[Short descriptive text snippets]
■ ■ ■
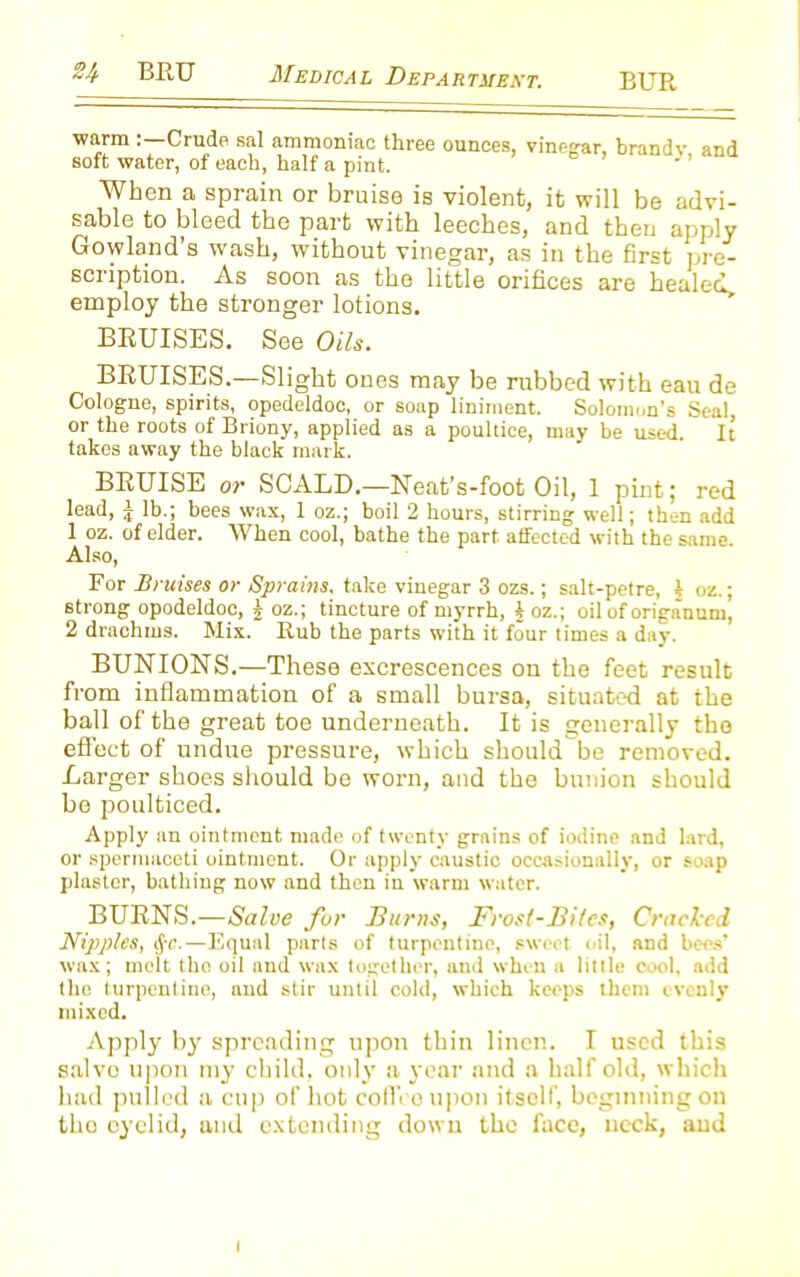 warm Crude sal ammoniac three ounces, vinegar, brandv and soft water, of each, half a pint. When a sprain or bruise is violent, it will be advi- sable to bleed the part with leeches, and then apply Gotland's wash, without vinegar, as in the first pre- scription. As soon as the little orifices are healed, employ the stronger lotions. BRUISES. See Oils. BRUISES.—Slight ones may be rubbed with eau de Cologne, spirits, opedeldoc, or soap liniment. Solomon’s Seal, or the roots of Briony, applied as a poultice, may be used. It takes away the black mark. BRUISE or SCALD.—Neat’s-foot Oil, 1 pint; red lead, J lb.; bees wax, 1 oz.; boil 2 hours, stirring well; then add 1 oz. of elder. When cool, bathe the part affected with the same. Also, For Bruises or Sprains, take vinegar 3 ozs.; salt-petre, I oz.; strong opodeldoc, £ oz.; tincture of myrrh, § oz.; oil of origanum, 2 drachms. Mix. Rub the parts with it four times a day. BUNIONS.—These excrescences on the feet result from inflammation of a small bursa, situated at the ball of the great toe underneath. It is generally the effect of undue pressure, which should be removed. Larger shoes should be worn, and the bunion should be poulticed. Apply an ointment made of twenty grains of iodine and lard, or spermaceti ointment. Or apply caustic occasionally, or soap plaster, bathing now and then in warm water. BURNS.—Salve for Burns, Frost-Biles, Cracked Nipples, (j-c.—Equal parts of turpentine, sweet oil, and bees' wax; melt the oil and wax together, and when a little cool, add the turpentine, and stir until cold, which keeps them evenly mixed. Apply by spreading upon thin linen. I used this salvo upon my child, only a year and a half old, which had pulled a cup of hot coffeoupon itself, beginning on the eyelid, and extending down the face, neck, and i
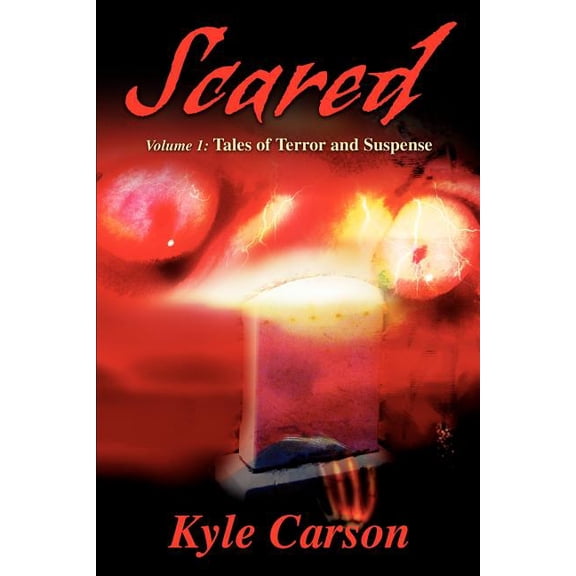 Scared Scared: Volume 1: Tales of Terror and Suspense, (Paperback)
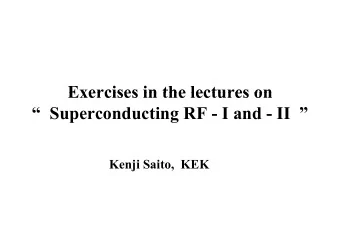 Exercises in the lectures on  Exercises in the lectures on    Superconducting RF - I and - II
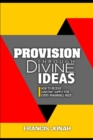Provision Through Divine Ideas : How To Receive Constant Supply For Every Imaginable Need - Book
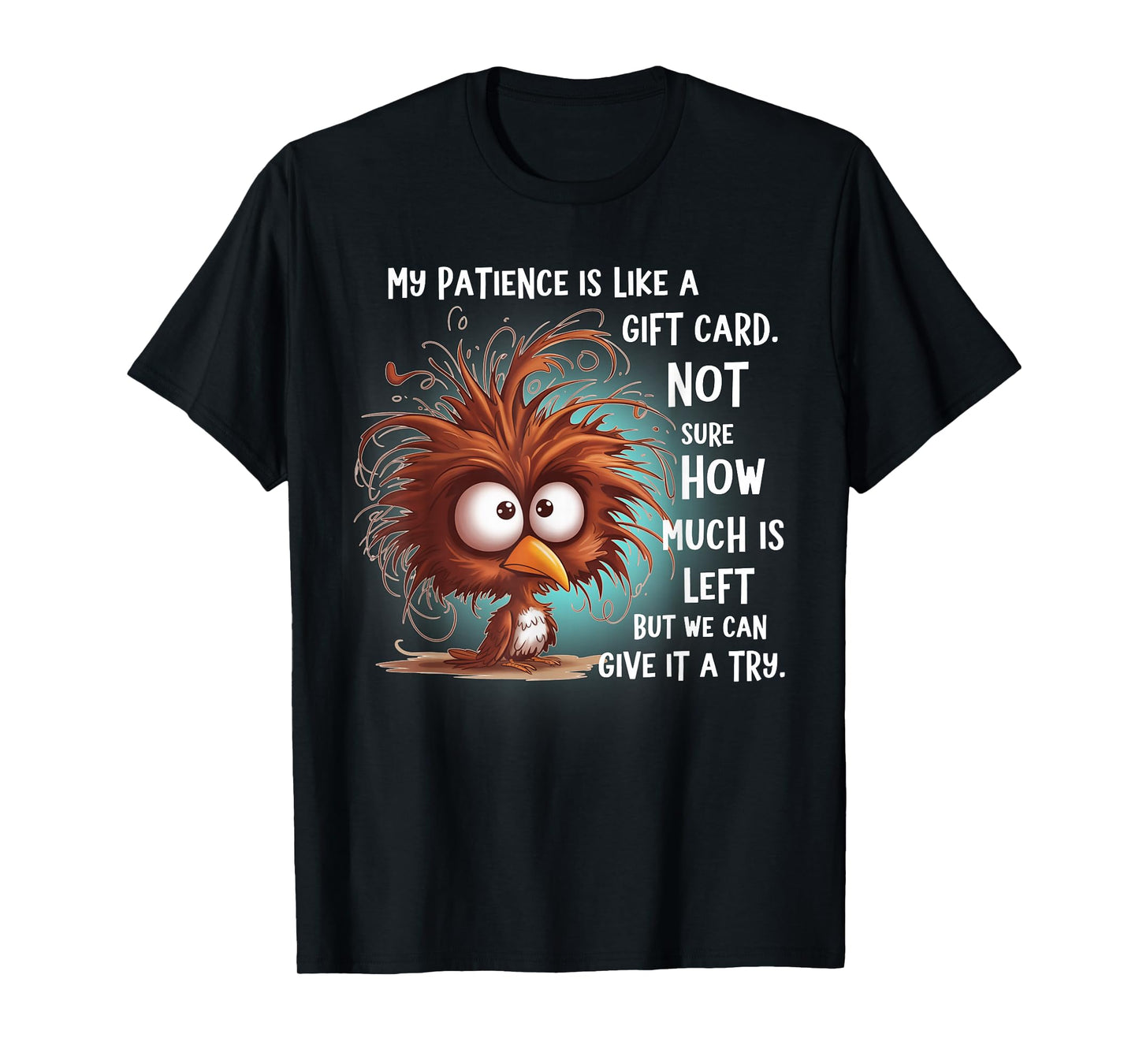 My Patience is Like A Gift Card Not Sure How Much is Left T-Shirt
■ ■ ■
* [Try it]:
Only the lines from the line that contains "Provision Through Divine" through the end of the entries are to be written out, exactly and without pictures, both ends included.

* [Result]:
Provision Through Divine Ideas : How To Receive Constant Supply For Every Imaginable Need - Book
 My Patience is Like A Gift Card Not Sure How Much is Left T-Shirt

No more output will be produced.